Research led by Charlotte Fritz, an associate professor in industrial and organizational psychology at Portland State University, suggests that contrary to the belief that vacation should be a reprieve from trying hard at things, using time off to “master” a new hobby can help people recover from work stress while away and cope better with work when they’re back.
Importantly, the new activity should be something totally unrelated to your day job, and something you’ve never tried before. As Jill Duffy recently noted in Fast Company, the activity could be something creative, but it doesn’t have to be. The point is to engage in sustained practice at something new, which “may increase our ability to think outside the box and creatively solve problems at work,” Duffy writes.
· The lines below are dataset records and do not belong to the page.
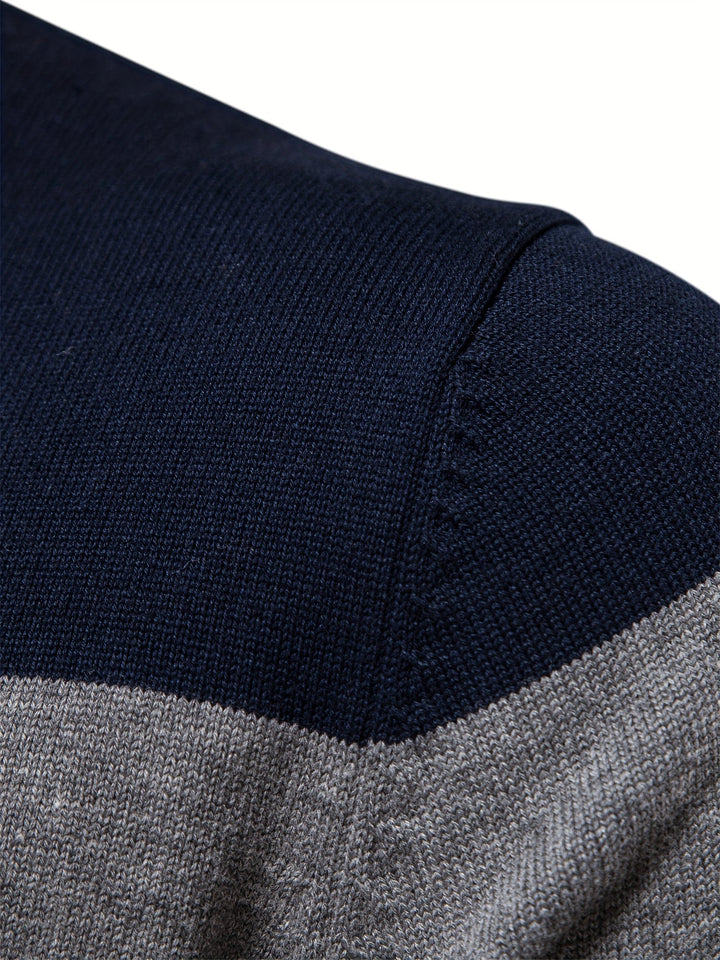 Men's casual apparel: Wyatt cotton knitted half-zip color block pullover sweater for autumn & winter.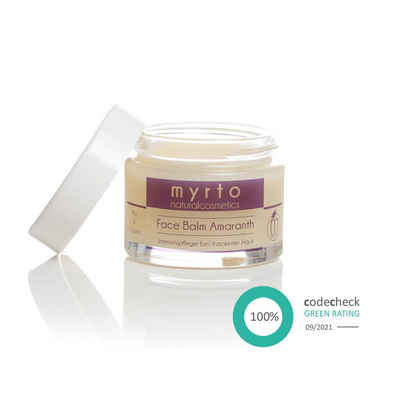 myrto Naturkosmetik Feuchtigkeitscreme Bio Face Balm Amaranth - Intensivpflege bei sehr trockener Haut, Bestbewertung bei Codecheck: 100% Grüner Ring EMPFEHLENSWERT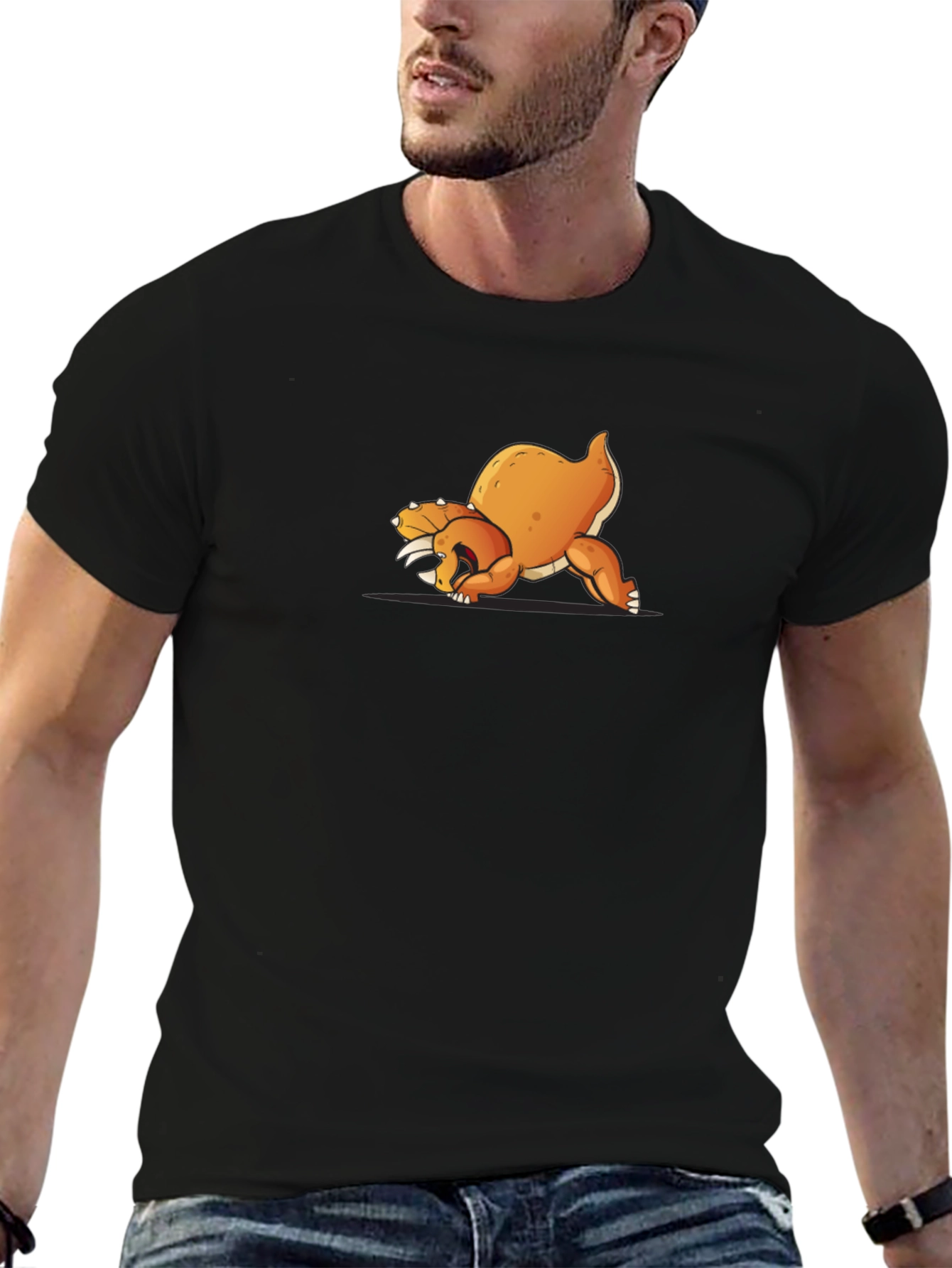 Black T-Shirt with Cartoon Orange Dinosaur Design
Practicing a hobby as opposed to a professional skill offers you the reprieve of imperfection, as Alex Preston—a novelist by trade, and birdwatcher by hobby—explains in a Quartz article titled, “If you want to be a better person, find something to do outside of work“:
Our hobbies tell a great deal about us and our world: about how we choose to present our lives to others; about the burdensome, expectation-freighted nature of free time; about our slippery relationship with the exigencies of productivity in late-capitalist society. Hobbies are a corner of our existence over which we have the impression of control, a sphere in which we feel we can achieve a kind of mastery usually denied to us in our wider personal and professional lives.
Neither Preston nor Fritz is using “mastery” in the traditional sense of the word. It’s hard enough just to make yourself reasonably proficient in a new activity taken up over the course of one vacation. But in our hobbies, we give ourselves permission to feel good—even great—about our capabilities, even if we aren’t any better at the activity than our peers would be.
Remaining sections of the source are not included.